Developing a cloud-based IoT service

In my previous post I describe my adventures in building an AWS IoT-enabled application for a proprietary embedded linux system and getting it to run. The next step in our journey is to create a service that communicates with our device and controls it in a useful way.

What can we do with a system running with the aws_iot library? We can use the MQTT message bus to subscribe to channels and publish messages, and we can diff the current device state against the desired device state shadow stored on the server. Now we need the service side of the puzzle.

My sample IoT application is to be able to view images on an IP camera from anywhere on the internet. I’m planning to incorporate live HD video streaming as well but that is a whole other can of worms we don’t need to open for this demonstration. My more modest goal for now will be to create a service where I can request a snapshot from the camera be uploaded to AWS’s Simple Storage Service (S3) which can store files and serve them up to authenticated users. In addition I will attempt to build the application server logic around AWS Lambda, a service for running code in response to events without actually having to deploy a server or run a daemon of any sort. If I can manage this then I will have a truly cloud-based service; one that does not consume any more resources than are required to perform its job and with no need to pre-allocate any servers or storage. It will be running entirely on Amazon’s infrastructure with only small bits of configuration, policy and code inserted in the right places to perform the relatively simple tasks required of my app. This is the Unemployed DevOps lifestyle, the dream of perfect lazy scalability and massive offloading of effort and operations to Amazon. There is of course a large downside to this setup, namely that I am at the mercy of Amazon. If they are missing a feature I need then I’m pretty much screwed and if their documentation is poor then I will suffer enormously. A partial description of my suffering and screwed state continues below.

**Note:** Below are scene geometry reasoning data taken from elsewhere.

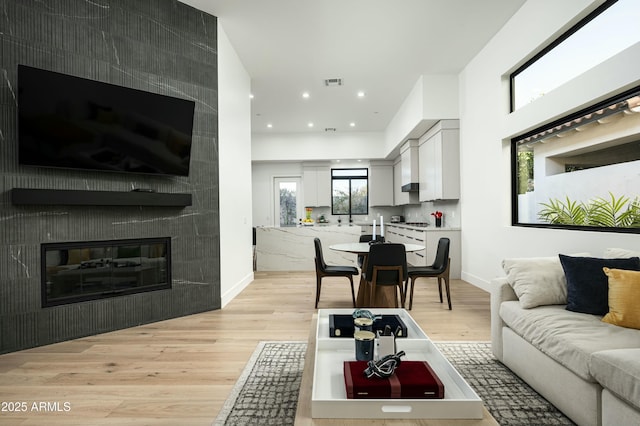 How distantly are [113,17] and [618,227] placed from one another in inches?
183

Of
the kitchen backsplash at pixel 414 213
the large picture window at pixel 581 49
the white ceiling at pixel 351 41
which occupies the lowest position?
the kitchen backsplash at pixel 414 213

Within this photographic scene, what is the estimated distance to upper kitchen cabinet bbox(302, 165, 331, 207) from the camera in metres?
9.41

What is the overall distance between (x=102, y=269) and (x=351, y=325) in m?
2.55

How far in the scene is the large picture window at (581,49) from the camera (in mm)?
2660

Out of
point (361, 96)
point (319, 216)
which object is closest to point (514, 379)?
point (361, 96)

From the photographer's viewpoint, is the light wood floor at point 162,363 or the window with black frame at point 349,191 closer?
the light wood floor at point 162,363

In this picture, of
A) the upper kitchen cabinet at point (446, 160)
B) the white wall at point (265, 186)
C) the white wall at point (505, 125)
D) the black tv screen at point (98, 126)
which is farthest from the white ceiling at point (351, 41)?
the white wall at point (265, 186)

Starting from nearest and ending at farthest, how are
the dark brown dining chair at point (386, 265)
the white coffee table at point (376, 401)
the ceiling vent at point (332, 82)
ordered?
the white coffee table at point (376, 401), the dark brown dining chair at point (386, 265), the ceiling vent at point (332, 82)

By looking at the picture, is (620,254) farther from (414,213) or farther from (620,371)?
(414,213)

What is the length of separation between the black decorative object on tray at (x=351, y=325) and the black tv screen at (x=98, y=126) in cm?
241

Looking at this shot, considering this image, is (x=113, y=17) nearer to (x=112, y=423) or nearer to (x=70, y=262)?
(x=70, y=262)

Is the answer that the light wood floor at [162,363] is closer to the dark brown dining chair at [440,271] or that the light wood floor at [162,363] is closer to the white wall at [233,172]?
the dark brown dining chair at [440,271]

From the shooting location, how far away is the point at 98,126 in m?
3.17

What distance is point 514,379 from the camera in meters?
2.21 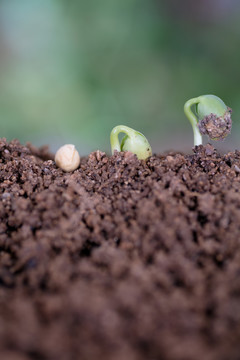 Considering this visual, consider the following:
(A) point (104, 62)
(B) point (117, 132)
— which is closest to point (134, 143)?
(B) point (117, 132)

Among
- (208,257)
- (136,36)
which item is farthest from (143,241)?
(136,36)

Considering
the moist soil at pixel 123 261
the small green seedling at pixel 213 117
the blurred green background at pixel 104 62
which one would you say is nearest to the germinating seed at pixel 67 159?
the moist soil at pixel 123 261

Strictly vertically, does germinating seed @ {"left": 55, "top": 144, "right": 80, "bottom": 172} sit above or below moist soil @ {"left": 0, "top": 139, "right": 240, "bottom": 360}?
above

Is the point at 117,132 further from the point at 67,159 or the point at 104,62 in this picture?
the point at 104,62

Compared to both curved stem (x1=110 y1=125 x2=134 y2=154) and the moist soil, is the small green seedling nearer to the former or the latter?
the moist soil

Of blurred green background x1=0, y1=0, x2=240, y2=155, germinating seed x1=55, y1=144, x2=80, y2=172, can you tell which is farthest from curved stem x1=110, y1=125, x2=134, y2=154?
blurred green background x1=0, y1=0, x2=240, y2=155

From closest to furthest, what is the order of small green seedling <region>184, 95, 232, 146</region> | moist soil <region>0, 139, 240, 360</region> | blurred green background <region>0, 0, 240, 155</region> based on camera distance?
1. moist soil <region>0, 139, 240, 360</region>
2. small green seedling <region>184, 95, 232, 146</region>
3. blurred green background <region>0, 0, 240, 155</region>

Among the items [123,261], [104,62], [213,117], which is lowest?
[123,261] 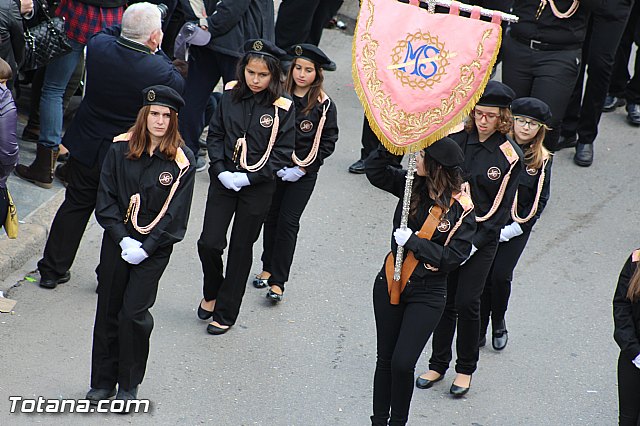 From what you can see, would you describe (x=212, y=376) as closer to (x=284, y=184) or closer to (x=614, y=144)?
(x=284, y=184)

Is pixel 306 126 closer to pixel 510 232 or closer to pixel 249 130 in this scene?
pixel 249 130

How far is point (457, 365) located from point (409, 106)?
1993 mm

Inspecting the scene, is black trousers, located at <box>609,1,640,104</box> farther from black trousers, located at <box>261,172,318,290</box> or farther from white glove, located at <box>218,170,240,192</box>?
white glove, located at <box>218,170,240,192</box>

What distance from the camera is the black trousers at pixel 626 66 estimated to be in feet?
37.6

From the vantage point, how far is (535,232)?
31.2ft

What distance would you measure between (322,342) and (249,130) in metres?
1.56

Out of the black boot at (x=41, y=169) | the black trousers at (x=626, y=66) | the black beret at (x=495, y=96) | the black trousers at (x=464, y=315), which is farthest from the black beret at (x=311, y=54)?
the black trousers at (x=626, y=66)

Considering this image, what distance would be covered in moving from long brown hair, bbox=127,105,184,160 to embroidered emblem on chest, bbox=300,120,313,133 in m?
1.61

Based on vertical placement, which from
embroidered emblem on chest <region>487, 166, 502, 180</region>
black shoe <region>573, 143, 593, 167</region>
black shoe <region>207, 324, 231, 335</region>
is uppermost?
embroidered emblem on chest <region>487, 166, 502, 180</region>

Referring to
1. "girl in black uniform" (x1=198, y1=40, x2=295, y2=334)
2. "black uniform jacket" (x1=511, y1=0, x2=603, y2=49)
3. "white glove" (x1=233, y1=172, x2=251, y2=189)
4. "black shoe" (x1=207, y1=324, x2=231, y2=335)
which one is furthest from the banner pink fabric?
"black uniform jacket" (x1=511, y1=0, x2=603, y2=49)

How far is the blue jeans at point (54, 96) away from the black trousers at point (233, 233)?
2.00 m

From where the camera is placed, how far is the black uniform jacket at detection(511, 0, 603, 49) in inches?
363

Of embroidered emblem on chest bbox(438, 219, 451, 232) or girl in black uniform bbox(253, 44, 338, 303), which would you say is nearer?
embroidered emblem on chest bbox(438, 219, 451, 232)

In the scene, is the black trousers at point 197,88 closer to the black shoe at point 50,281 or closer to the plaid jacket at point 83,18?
the plaid jacket at point 83,18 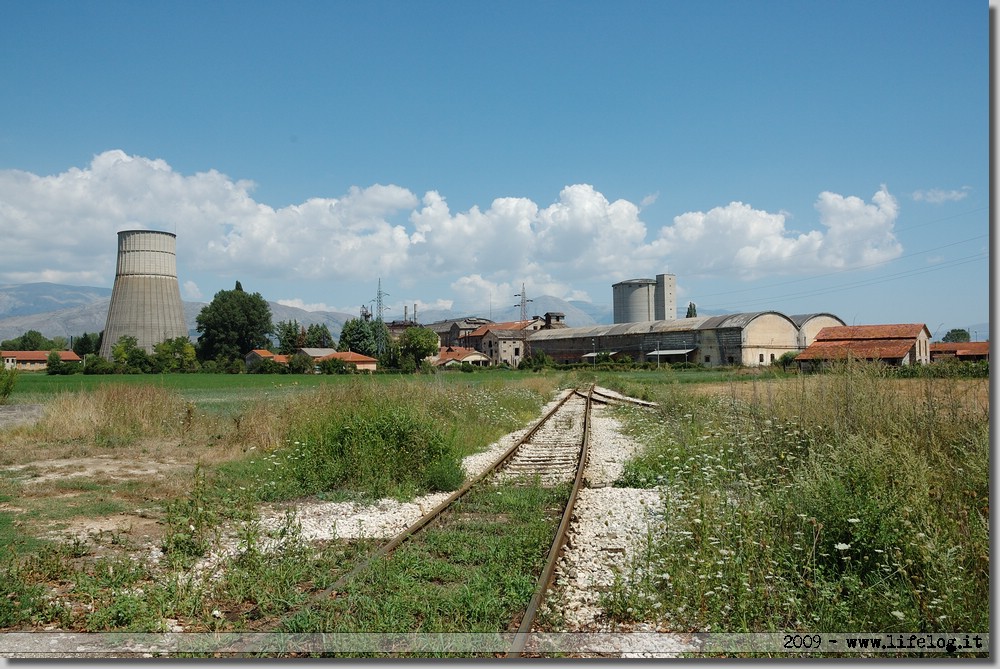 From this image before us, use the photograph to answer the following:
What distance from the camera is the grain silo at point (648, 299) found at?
106 meters

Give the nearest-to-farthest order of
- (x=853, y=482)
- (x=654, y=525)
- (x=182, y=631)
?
(x=182, y=631) < (x=853, y=482) < (x=654, y=525)

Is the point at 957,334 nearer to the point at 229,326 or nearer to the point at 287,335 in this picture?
the point at 229,326

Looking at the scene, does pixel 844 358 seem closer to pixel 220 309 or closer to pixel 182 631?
pixel 182 631

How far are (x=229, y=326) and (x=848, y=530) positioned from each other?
346 feet

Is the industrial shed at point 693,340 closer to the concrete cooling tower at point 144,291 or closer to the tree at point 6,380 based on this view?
the concrete cooling tower at point 144,291

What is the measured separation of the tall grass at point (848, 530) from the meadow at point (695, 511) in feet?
0.07

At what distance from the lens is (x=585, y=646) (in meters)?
4.20

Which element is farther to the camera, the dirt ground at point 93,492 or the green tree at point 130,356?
the green tree at point 130,356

I’ve been bitten before by my foolish impetuousness in attempting to use new AWS services that have clearly not been fully fleshed out. I was an early adopter of the CodeDeploy system, a super useful and nifty system for deploying changes to your application on EC2 instances from S3 or even straight from GitHub. Unfortunately it turned out to not really be finished or tested or documented and I ended up wasting a ton of time trying to make it work and deal with corner cases. It’s a dope service but it’s really painfully clear nobody at AWS has ever bothered to actually try using it for a real application, and all of my feature requests and bug reports and in-person sessions with AWS architects have all resulted in exactly zero improvements despite my hours of free QA I performed for them. As a result I am now more cautious when using new AWS services, such as IoT and Lambda.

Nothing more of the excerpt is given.